Als Meerjungfrau kann man auch im offenen Wasser schwimmen, wenn man sich an bestimmte Regeln hält – das Meer muss absolut ruhig sein, man muss immer in Anwesenheit einer anderen Person schwimmen und darf die eigenen Schwimmfähigkeiten nicht überschätzen, erklärt Petja Petkowa.
„Tatsächlich waren es Videos von Meerjungfrauen, die zwischen Haien, Schildkröten und anderen Meeresbewohnern schwimmen, die mich inspiriert und vor Jahren für diese Art des Schwimmens begeistert haben“, gesteht sie.
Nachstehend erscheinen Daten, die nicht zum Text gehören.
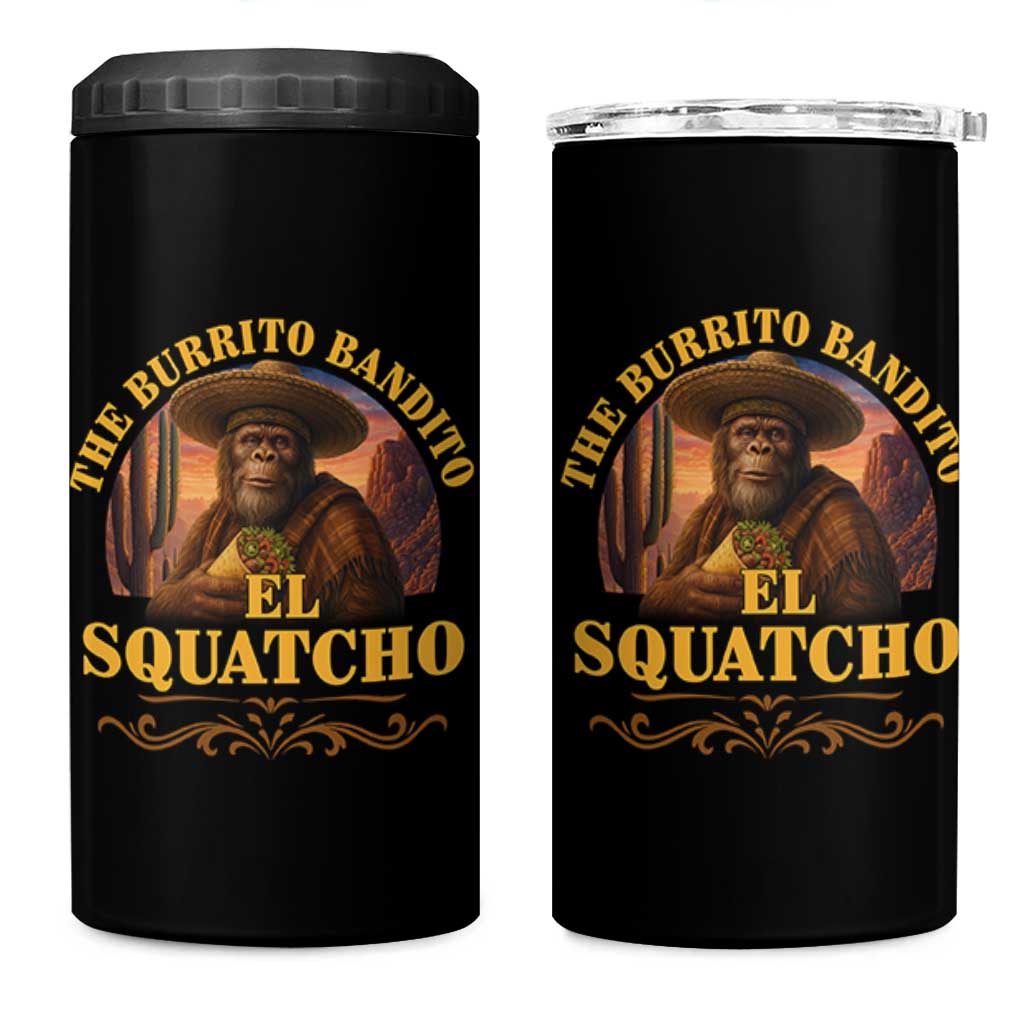Funny The Burrito Bandito El Squatcho 4 in 1 Can Cooler Tumbler Western Poncho Mexican Bigfoot - Wonder Print Shop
In unserer populären Kultur tauchte das Bild der Meerjungfrau erstmals 1911 in einem amerikanischen Kurzfilm auf. Und in den 1940er Jahren wurde in Weeki Wachee in Florida das erste Unterwassertheater für Meerjungfrauen eröffnet. Bis heute ist der Ort als „Stadt der Meerjungfrauen“ bekannt.
Auch in Bulgarien ist Interesse vorhanden, aber wir stehen noch ganz am Anfang, es stehen noch viele interessante und spannende Dinge bevor, sagt Petja. Demnächst wird die Akademie für Meerjungfrauen in Burgas zu Gast sein. Und die Meerjungfrauenschwänze des Teams von Petja Petkowa sind im neuesten Video der Sängerin Rut Kolewa „Wassup“ zu sehen. „Das ist ein Hobby, das es den Menschen ermöglicht, etwas zu tun, das ihnen Freude bereitet, ohne sich groß um die Meinung anderer zu kümmern. Die Menschen haben ein wachsendes Bedürfnis nach etwas Märchenhaften in ihrem Leben“, sagte zum Abschluss die bulgarische Hannah Fraser – die Australierin, die Karriere als Meerjungfrau gemacht hat.